The ICC prosecutor’s decision to seek arrest warrants against Israeli leaders puts it beyond doubt: It’s time to cut off the weapons.

John Nichols
Israeli Prime Minister Benjamin Netanyahu (C) arrives for a party meeting at the Israeli parliament, the Knesset, in Jerusalem on May 20, 2024. Israel on May 20 slammed as a "historical disgrace" an application by the prosecutor of the International Criminal Court for an arrest warrant for Netanyahu.
Israeli Prime Minister Benjamin Netanyahu (C) arrives for a party meeting at the Israeli parliament, the Knesset, in Jerusalem on May 20, 2024.(Oren Ben Hakoon / AFP via Getty Images)

When US Senator Bernie Sanders argued two months ago that it was time for the United States to halt new military aid to Israel, the Biden administration and most members of Congress refused to take him seriously.

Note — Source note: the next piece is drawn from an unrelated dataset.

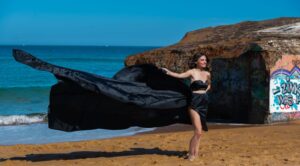 Ensemble volant noir en satin femme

They didn’t listen when the Vermont independent urged them to “block unfettered offensive military aid to the extremist Israeli government—a government led by Prime Minister Netanyahu, who is continuing his unprecedented assault against the Palestinian people.” They dismissed Sanders’s warning that “Netanyahu and his extremist government are clearly in violation of US and international law and, because of that, should no longer receive US military aid.”

They cannot ignore the compelling case for a suspension of aid—based on both international standards and US law—any longer.

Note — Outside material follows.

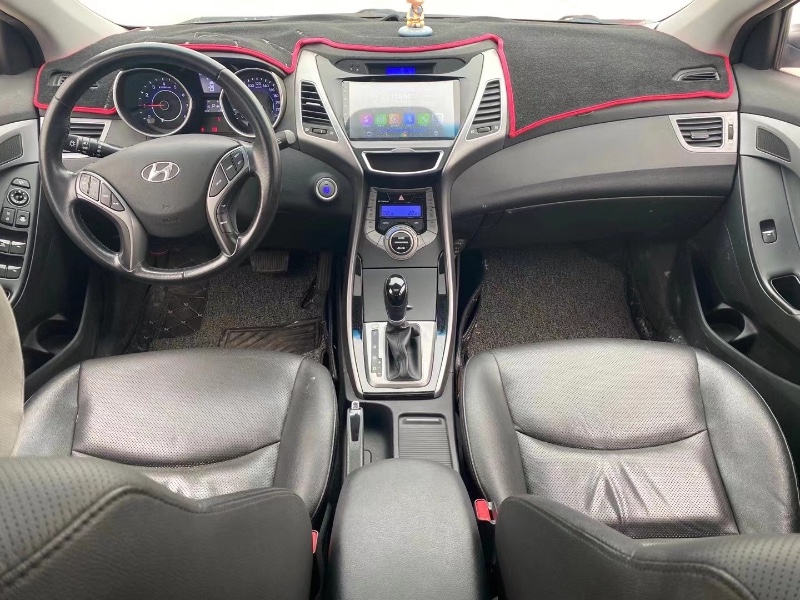 广州15年现代朗动5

With the decision of the International Criminal Court’s prosecution team to seek arrest warrants for Netanyahu and Israeli Defense Minister Yoav Gallant—along with Yahya Sinwar, the Hamas leader in Gaza; Mohammed Diab Ibrahim al-Masri, who is better known as Mohammed Deif, the leader of the Al Qassem Brigades; and Ismail Haniyeh, Hamas’s political leader—it is time, once and for all, to stop making excuses. The five named individuals face charges that they have engaged in war crimes and crimes against humanity: the Hamas leaders for the role in plotting and implementing the October 7 attack that left at least 1,200 dead, and the Israeli leaders for launching an assault on Gaza that has left more than 35,500 Palestinians dead, a substantial portion of them women and children, and wounded almost 80,000.

The prosecutor’s decision to apply for the warrants should tip the balance, even for those who have been cautious about pressuring Israel, against the allocation and distribution of any additional US military aid.

It is true that the legal process is just beginning. ICC judges must decide which warrants, if any, will be issued. But the seriousness of the charges against the Israelis ought to cause the president and Congress to press the pause button—for practical, political, and moral reasons.

According to Karim Khan, the ICC’s chief prosecutor, the charges against Netanyahu and Gallant include “causing extermination, causing starvation as a method of war, including the denial of humanitarian relief supplies, deliberately targeting civilians in conflict.” The charges against the Hamas leaders are equally grave. But as Khan explains, the Israeli response to the October 7 attack has had a disproportionately deadly impact on civilians in Gaza. “The fact that Hamas fighters need water doesn’t justify denying water from all the civilian population of Gaza,” said the prosecutor.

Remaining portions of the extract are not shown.